Two More UK Retailers Cut Gas Prices by 5%
Two more commercial and domestic electricity retailers in the UK have announced that they are dropping gas prices to their customers. In separate statements issued on February 11, British Gas, owned by Centrica, and EDF Energy said that they would reduce prices by 5.1% and 5% respectively.
In its statement EDF Energy says the reduction is linked to a drop in wholesale prices. It blames higher costs for not reducing the cost of gas supply further.
"Despite improvements to operating efficiency, external costs included in a customer’s electricity and gas bills have increased, some significantly," it said. "This has limited the size of today’s gas reduction and the company’s ability to pass on falls in wholesale electricity costs."
In its statement, Centrica did not mention wholesale prices, instead saying that the reduction was part of a drive to remain competitive in the market. The company also pointed out that this is the third time it has reduced the price to British Gas customers since 2015.
"Taken together, our three price reductions will bring the average household’s annual energy bill down by almost £100," the head of the company's supply business in the UK & Ireland, Mark Hodges, said. "British Gas will be cheaper than 95% of the market, for a typical household on a standard dual fuel tariff. Competitive pricing is the way to retain existing customers and win new business in this hard-fought market."
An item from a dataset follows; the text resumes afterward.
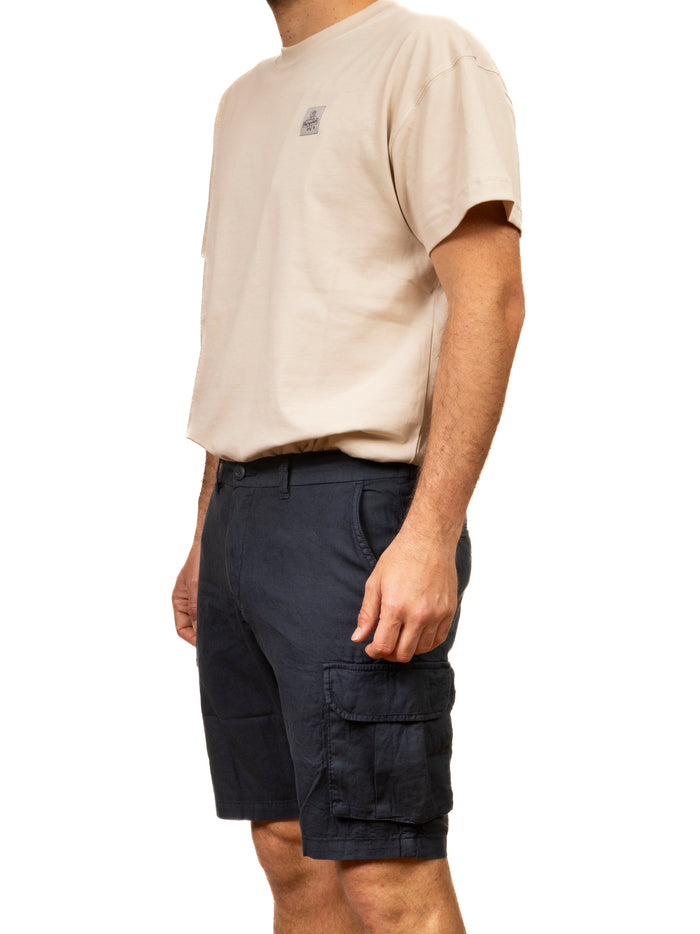 IMPURE bermuda cooper blu COOPER LINO-C01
Centrica's reduction will benefit 6.8mn customers saving them an average of £31, the company said. EDF said its cut would benefit 900,000 customers' average standard gas price by £31.
The reduction from each firm will take more than a month to come into effect, by which time the high consumption period will be largely over with the arrival of spring. British Gas will implement its reduction on March 16; EDF's reduction will begin from March 24.
The two companies are the last of the Big Six to cut their prices. They all say the reductions would have been bigger but that the wholesale price of gas is only a small element of the overall bill; and that other costs and levies are beyond their control.
The six are currently the object of a regulatory probe by the Competition & Markets Authority, whose findings are expected next month but are not due legally until June.